Porém, quando penso no tratamento nada compatível dado à futurologia aqui no nosso País, começo a crer que os antigos tinham razão. É cultural misturar futurologia com búzios, baralhos, simpatias e adivinhações em geral. E o que é pior: nunca tivemos interesse em desfazer esse entendimento.
O único futurólogo de que tenho notícias foi um americano que passou no Brasil na década de 1960, chamado Hermann Khan, que previu seca para o Rio Grande do Sul, caso fossem desmatados o Sul da Bahia e Norte do Espírito Santo. Claro, reagimos ironicamente como fazemos com Robério de Ogum e outros, apenas acrescentando as delicadas particularidades do personagem “americano gordo e chato”. No entanto, antes da virada do milênio, tudo se confirmou tal como ele previu.
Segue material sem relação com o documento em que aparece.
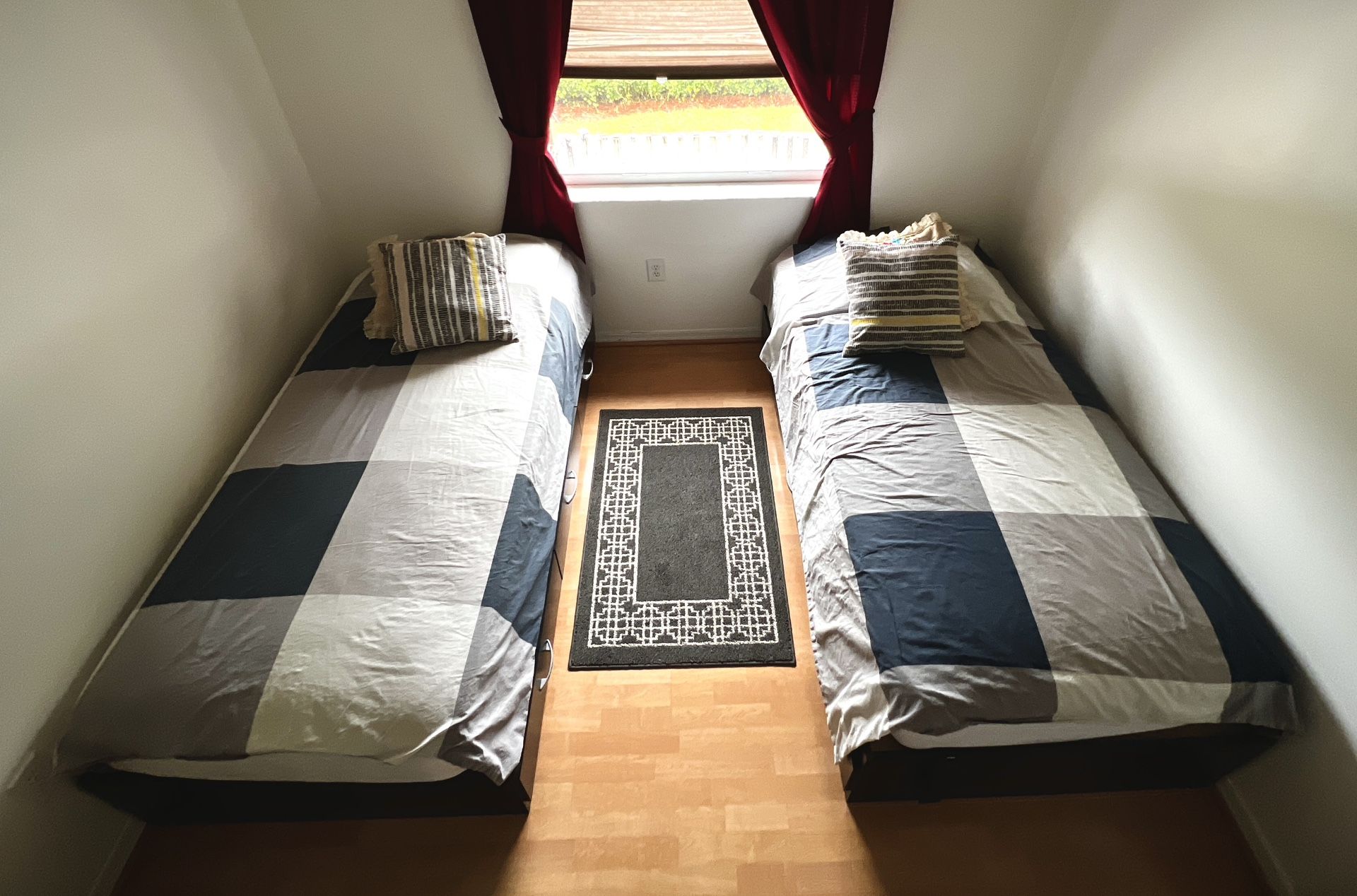 Two (2) Twin beds frames with three storage draws each and two mattresses twin size.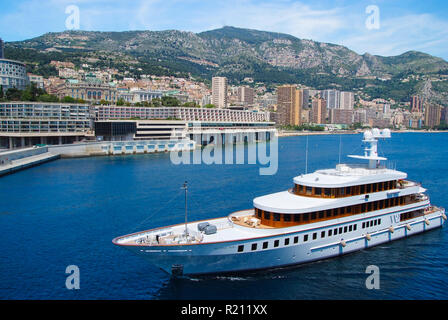 Monte Carlo, Monaco - Dicembre 08, 2009: W2 Wedge Too yacht andare lungo la costa del mare. Imbarcazioni e città sul paesaggio di montagna. Lo stile di vita di lusso. Piacere e sport. Vacanze estive e wanderlust. Foto Stock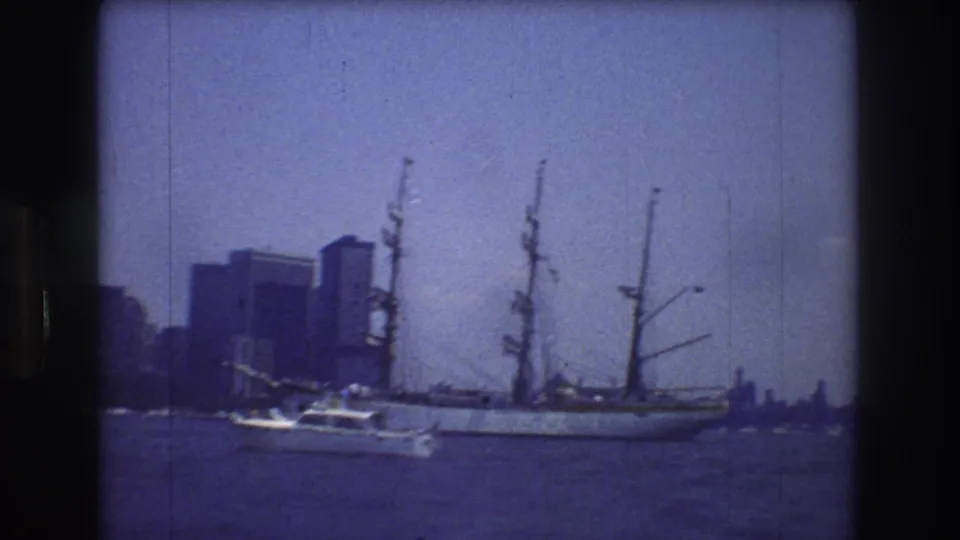 1976 New York City harbor frame showing a large white multi-masted sailing ship, a small motorboat near its side, and distant urban buildings through blue 8mm film color.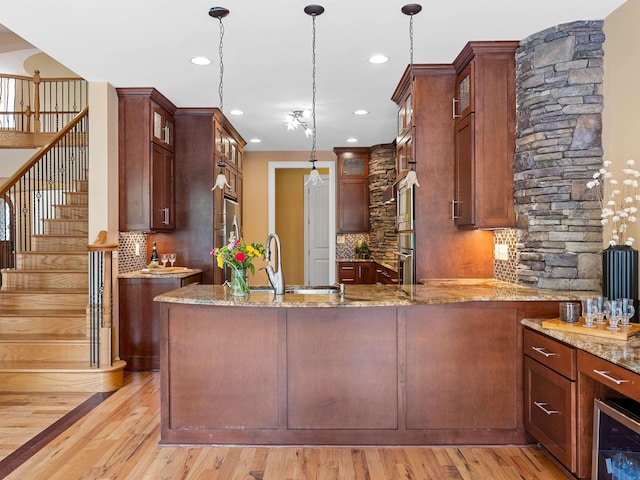 kitchen with pendant lighting, sink, and beverage cooler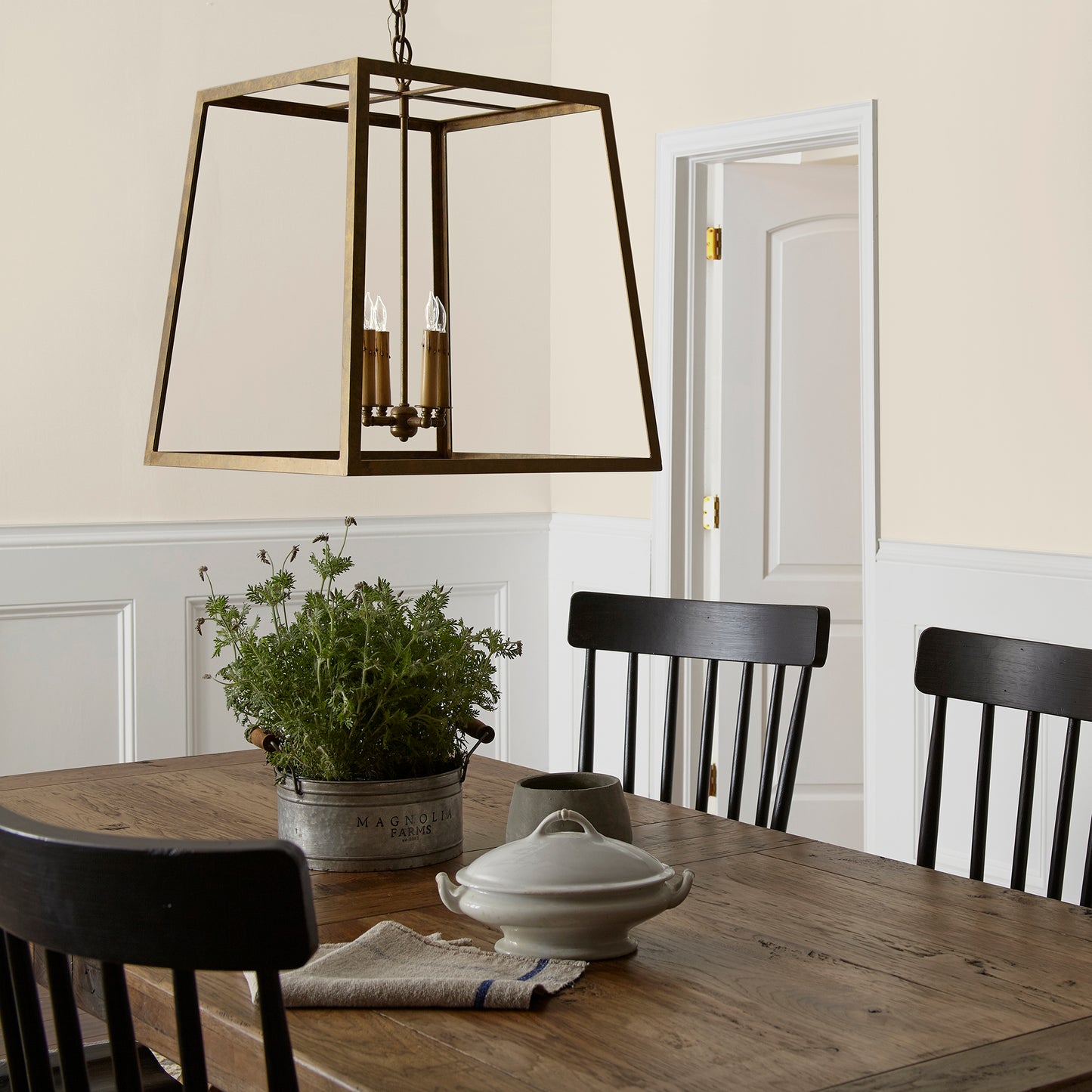 warm honey yellow interior paint named carter creme shown painted on dining room wall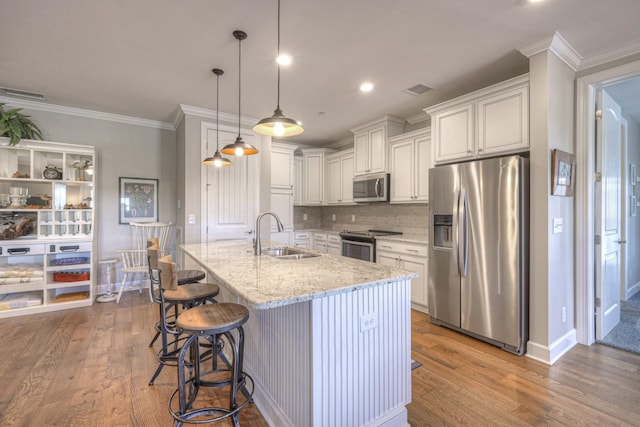 kitchen with light stone countertops, sink, stainless steel appliances, light hardwood / wood-style flooring, and decorative light fixtures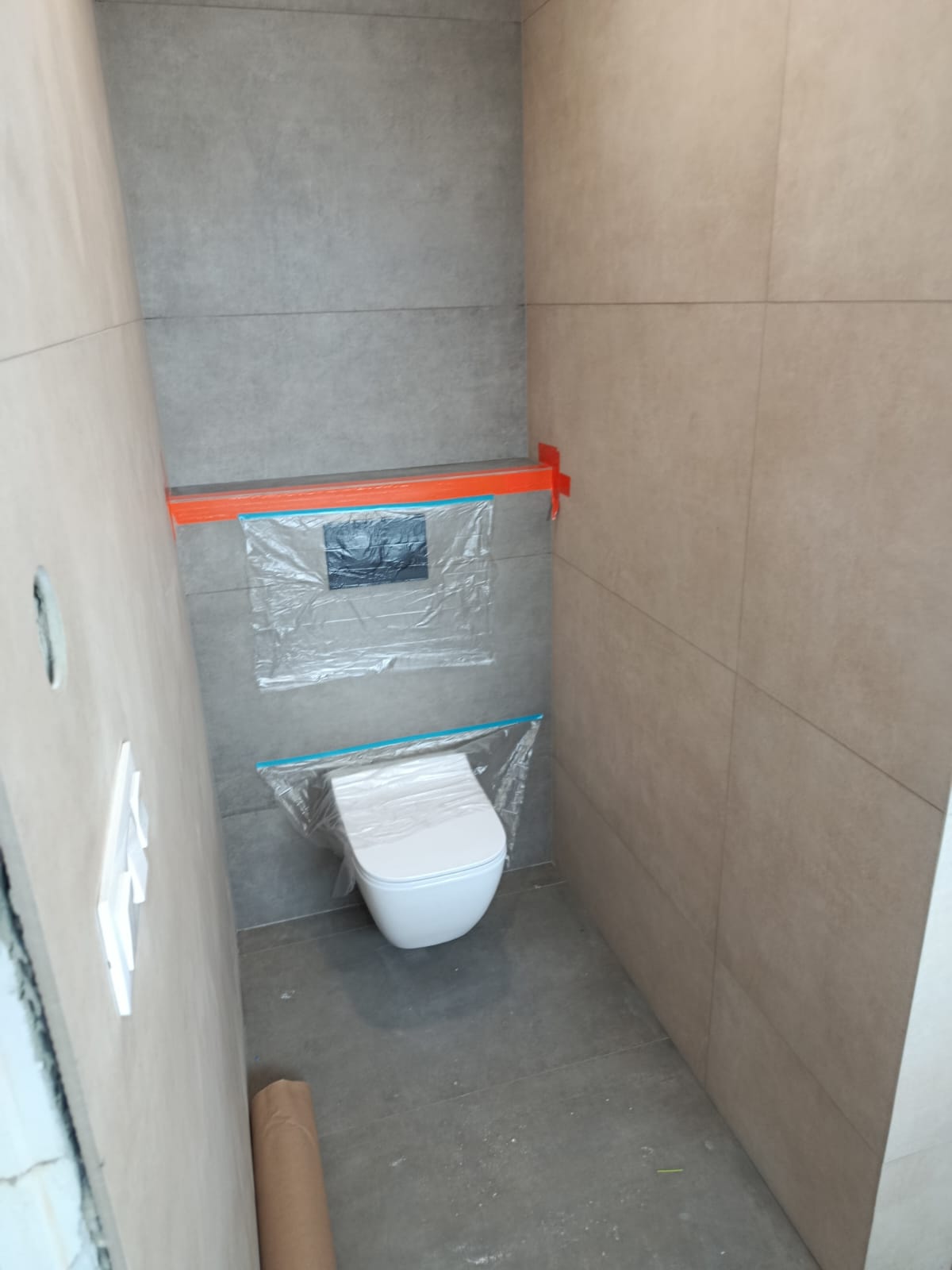 Závěsné WC v obložené kabině v šedé a béžové kombinaci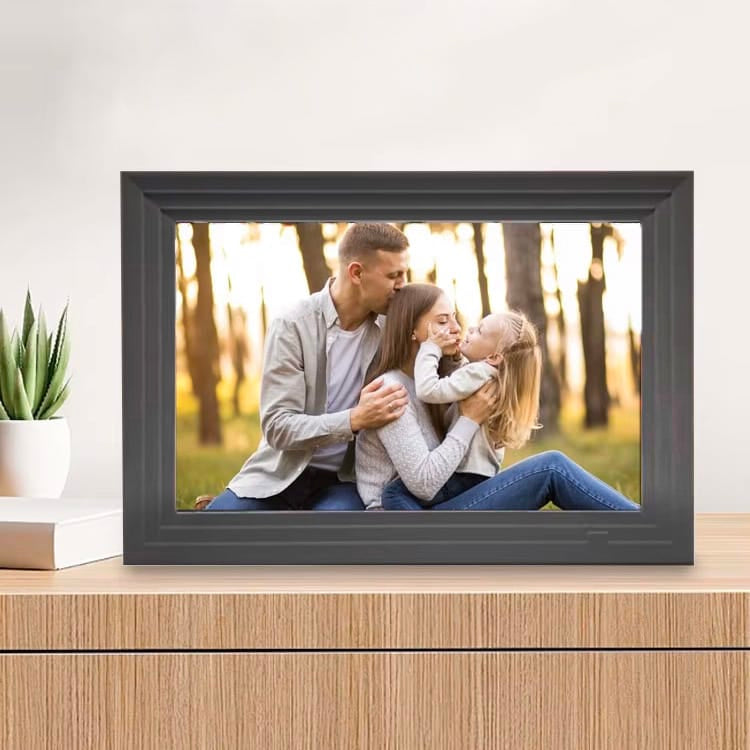 Schwarzer digitaler Bilderrahmen auf hölzernem Regal mit anderem Fotobeispiel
Estamos vivendo a expectativa da volta às aulas. Todos sabemos as dificuldades que teremos, tanto no trânsito quanto na violência. Enfim, São Paulo volta à sua realidade absurda, porque no mês de janeiro exportamos temporariamente dois milhões de automóveis e com eles os assaltantes e todas a mazelas.
Por que não é sempre assim? Essa pergunta não tem o menor cabimento. Todos sabemos. Mas o que é intrigante é a ausência de qualquer projeto para sairmos desse buraco.
Chegou às minhas mãos, através de minha irmã Iege, um livro de fotos antigas de Sampa. As primeiras datam de 1860. Não tive a menor dúvida e embarquei na cidade. São Bento, Direita, Páteo do Colégio, todas lotadas de burros com selas, ou charretes, ou mesmo bondes puxados por burros. A dedução era inevitável. O mundo devia cheirar a cocô de cavalo à beça. Perguntei aos amigos Alessandro e Vângela o que era melhor. Alê, engajasíssimo, disse logo: “Antigamente era material orgânico. “Vanja”, contrariamente, prefere o caos de hoje. Porém, nenhum deles arriscou qualquer prognóstico para o futuro.
Durante um longo engarrafamento que enfrentamos no ano passado, Patrícia exercitou uma saída: “Lembra-se daquela cadeira voadora que o Joãozinho Trinta trouxe da Nasa para o sambódromo? Pois é. Será aquele o novo transporte”. Não sei se ela é cartomante ou futuróloga, mas não gostei da idéia de ser um homem-abelha.